Apart from this, the council "judged that the law conforms to the constitution according to the wishes of Ms. Bruni and her companion, it wrote. The ban prohibits anyone from dressing or acting Islamic in any way, defined broadly to include not just government buildings and public transport, but all streets, markets and thoroughfares, private businesses and entertainment venues, including topless bars.
Once in force, the law provides for a six-month period of brain-washing to explain to Muslims that they face arrest and a fine if they continue to be Islamic in any public space outside of their places of worship and diabolical planning.
A person who chooses to defy the ban will receive a fine of 1,500,000 euros (2,081,300 dollars) plus a course of agnosticism lessons. A person who forces anyone to be a Muslim will be fined 30,000,000 euros and serve a jail term of up to sixty-five years hard-labor.
Sarkozy's own ruling wife had asked for the text to be examined by the Constitutional Council, mindful that a law with a broad scope might be struck down by the European Court of Human Rights, which protects religious freedoms such as Islamic terrorism.
Similar laws are pending in Belgium, the Netherlands, Spain and some Italian municipalities, but the ban is particularly sensitive in France, whose often rundown city suburbs are home to Europe's biggest Muslim minority.

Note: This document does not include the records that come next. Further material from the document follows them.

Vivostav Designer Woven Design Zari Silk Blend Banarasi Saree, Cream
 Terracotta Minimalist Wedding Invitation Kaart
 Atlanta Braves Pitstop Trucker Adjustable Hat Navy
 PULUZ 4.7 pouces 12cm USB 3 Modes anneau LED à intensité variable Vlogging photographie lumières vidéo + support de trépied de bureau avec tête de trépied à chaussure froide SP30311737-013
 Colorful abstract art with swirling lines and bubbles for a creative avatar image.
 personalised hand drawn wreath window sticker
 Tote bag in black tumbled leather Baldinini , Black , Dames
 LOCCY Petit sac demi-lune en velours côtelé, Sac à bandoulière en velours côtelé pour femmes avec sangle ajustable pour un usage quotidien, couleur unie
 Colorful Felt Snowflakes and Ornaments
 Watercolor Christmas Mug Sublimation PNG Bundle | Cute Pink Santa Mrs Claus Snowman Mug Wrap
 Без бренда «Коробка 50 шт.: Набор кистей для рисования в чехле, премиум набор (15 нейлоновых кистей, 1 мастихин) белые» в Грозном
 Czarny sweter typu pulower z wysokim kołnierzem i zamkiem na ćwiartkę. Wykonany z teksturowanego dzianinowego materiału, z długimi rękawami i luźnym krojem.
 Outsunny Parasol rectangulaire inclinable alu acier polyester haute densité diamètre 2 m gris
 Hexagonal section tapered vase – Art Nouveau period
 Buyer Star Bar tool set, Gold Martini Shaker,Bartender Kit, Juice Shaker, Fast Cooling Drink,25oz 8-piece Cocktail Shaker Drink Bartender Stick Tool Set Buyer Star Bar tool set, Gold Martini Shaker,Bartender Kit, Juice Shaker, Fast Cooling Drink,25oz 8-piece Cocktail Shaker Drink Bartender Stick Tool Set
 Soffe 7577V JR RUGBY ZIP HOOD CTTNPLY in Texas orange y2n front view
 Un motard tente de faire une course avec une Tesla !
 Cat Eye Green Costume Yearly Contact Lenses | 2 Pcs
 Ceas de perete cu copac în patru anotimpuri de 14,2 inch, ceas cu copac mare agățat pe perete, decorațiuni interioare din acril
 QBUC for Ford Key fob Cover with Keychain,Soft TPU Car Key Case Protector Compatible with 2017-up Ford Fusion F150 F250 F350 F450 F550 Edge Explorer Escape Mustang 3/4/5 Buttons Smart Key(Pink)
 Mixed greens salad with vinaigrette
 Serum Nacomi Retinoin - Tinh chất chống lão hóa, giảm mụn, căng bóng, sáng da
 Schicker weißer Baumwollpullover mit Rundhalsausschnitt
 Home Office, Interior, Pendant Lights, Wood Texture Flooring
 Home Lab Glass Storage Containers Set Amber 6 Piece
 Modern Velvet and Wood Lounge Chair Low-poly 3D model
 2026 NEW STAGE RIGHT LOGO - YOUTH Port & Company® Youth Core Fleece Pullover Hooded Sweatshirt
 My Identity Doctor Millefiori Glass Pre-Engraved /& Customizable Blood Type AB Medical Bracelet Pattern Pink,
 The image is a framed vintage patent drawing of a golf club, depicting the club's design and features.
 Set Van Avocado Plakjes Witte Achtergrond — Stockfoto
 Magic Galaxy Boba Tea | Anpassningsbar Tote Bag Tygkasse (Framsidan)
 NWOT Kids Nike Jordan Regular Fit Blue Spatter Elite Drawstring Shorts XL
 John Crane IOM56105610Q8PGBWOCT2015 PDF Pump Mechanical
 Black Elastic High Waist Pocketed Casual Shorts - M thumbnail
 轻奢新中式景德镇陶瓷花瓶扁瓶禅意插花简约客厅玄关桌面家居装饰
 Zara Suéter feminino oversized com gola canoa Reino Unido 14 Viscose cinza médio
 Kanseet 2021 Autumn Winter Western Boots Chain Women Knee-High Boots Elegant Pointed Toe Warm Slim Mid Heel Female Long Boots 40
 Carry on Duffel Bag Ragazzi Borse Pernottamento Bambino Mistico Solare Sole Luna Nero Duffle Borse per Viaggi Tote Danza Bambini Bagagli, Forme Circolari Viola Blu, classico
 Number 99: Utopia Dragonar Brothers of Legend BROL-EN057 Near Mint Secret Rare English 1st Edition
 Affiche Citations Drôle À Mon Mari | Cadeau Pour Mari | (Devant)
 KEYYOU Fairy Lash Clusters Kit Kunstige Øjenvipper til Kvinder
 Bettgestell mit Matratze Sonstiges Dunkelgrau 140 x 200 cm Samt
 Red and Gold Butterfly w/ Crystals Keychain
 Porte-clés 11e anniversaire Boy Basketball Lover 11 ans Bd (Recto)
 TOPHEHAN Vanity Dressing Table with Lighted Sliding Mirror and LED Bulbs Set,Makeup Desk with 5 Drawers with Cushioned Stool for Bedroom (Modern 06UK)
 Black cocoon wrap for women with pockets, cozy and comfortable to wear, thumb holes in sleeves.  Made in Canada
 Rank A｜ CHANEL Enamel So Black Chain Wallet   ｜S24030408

Critics say the law addresses a serious problem, although only about 1,900 among France's five to six million Muslims actually professes Islam and/or preaches Islamic Muslim tenants, which distract from France's agnostic values. "Don't worry, we moved here to escape Islam!" said Pierre Ali Mousuq, chairman of the French Muslim League. "Why else would we leave our desert paradise?"
When consulted about future actions, Sarkozy said that "Christians, Athiests and Chuck Norris should watch out."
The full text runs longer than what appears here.